The raw sequences were trimmed to remove the pJET1.2 flanking multiple cloning site sequences with the VecScreen (https://www.ncbi.nlm.nih.gov/tools/vecscreen/). A consensus sequence from each of the sample-specific forward and reverse sequences was derived using the CAP contig assembly program of the BioEdit software39. The derived sequences were scanned with the National Center for Biotechnology Information (NCBI) GenBank database using the BLASTN program40 for species identification purposes. The MUSCLE alignment program41 was used to perform multiple sequence alignments for gene-specific datasets of sequences derived from samples analyzed in this study and corresponding sequences of taxon representative retrieved from GenBank. The gene-specific alignment files were used to determine the sequence identity matrices and for phylogenetic analysis with the maximum likelihood algorithm of the molecular evolutionary genetics analysis (MEGA) software version 7.042.

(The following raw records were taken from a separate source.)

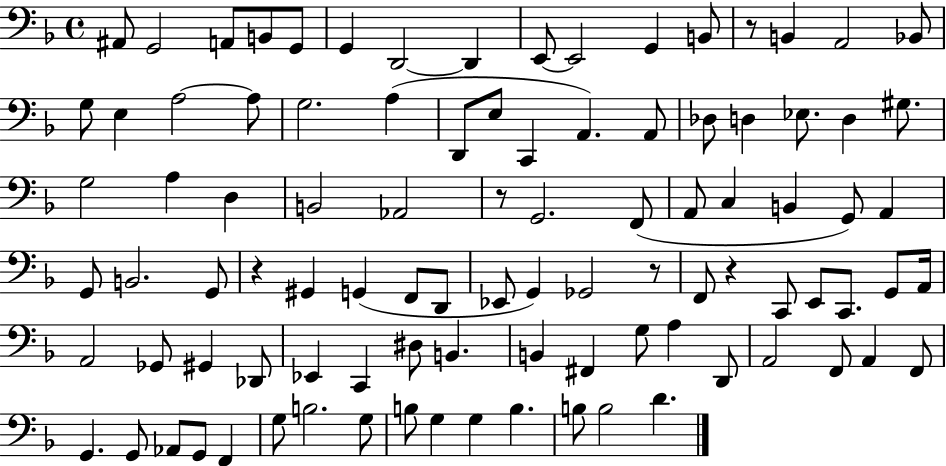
{
  \clef bass
  \time 4/4
  \defaultTimeSignature
  \key f \major
  ais,8 g,2 a,8 b,8 g,8 | g,4 d,2~~ d,4 | e,8~~ e,2 g,4 b,8 | r8 b,4 a,2 bes,8 | \break g8 e4 a2~~ a8 | g2. a4( | d,8 e8 c,4 a,4.) a,8 | des8 d4 ees8. d4 gis8. | \break g2 a4 d4 | b,2 aes,2 | r8 g,2. f,8( | a,8 c4 b,4 g,8) a,4 | \break g,8 b,2. g,8 | r4 gis,4 g,4( f,8 d,8 | ees,8 g,4) ges,2 r8 | f,8 r4 c,8 e,8 c,8. g,8 a,16 | \break a,2 ges,8 gis,4 des,8 | ees,4 c,4 dis8 b,4. | b,4 fis,4 g8 a4 d,8 | a,2 f,8 a,4 f,8 | \break g,4. g,8 aes,8 g,8 f,4 | g8 b2. g8 | b8 g4 g4 b4. | b8 b2 d'4. | \break \bar "|."
}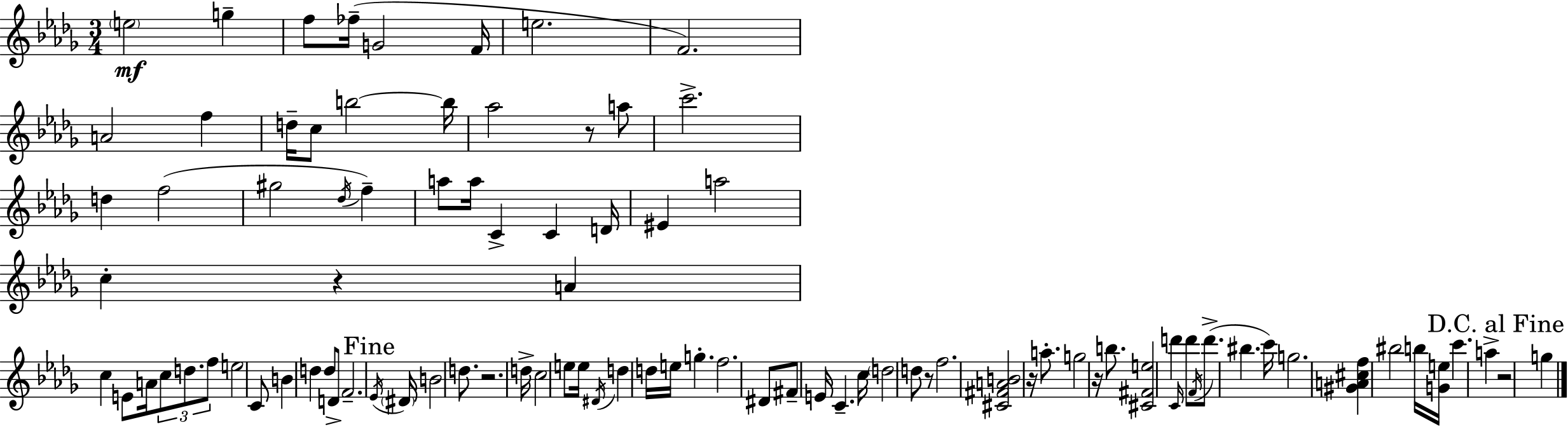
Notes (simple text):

E5/h G5/q F5/e FES5/s G4/h F4/s E5/h. F4/h. A4/h F5/q D5/s C5/e B5/h B5/s Ab5/h R/e A5/e C6/h. D5/q F5/h G#5/h Db5/s F5/q A5/e A5/s C4/q C4/q D4/s EIS4/q A5/h C5/q R/q A4/q C5/q E4/e A4/s C5/e D5/e. F5/e E5/h C4/e B4/q D5/q D5/e D4/e F4/h. Eb4/s D#4/s B4/h D5/e. R/h. D5/s C5/h E5/e E5/s D#4/s D5/q D5/s E5/s G5/q. F5/h. D#4/e F#4/e E4/s C4/q. C5/s D5/h D5/e R/e F5/h. [C#4,F#4,A4,B4]/h R/s A5/e. G5/h R/s B5/e. [C#4,F#4,E5]/h D6/q C4/s D6/e F4/s D6/e. BIS5/q. C6/s G5/h. [G#4,A4,C#5,F5]/q BIS5/h B5/s [G4,E5]/s C6/q. A5/q R/h G5/q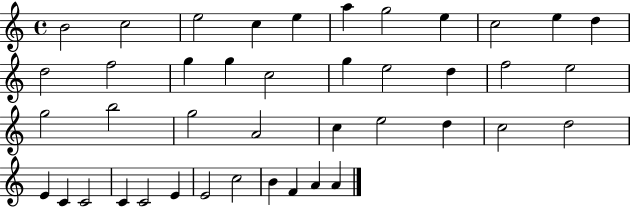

Testing for the presence of Ca. Liberibacter spp.
DNA extracts from all the ACP samples collected in Benin were assayed for the presence of CLaf, CLam and CLas using the Taqman multiplex real-time PCR assays as reported by Oke et al.28. Known positive and negative control DNA samples, and non-template water control were included in the reactions. All samples with a cycle threshold (Ct) ≤ 37 were considered positive for a specific target bacterium.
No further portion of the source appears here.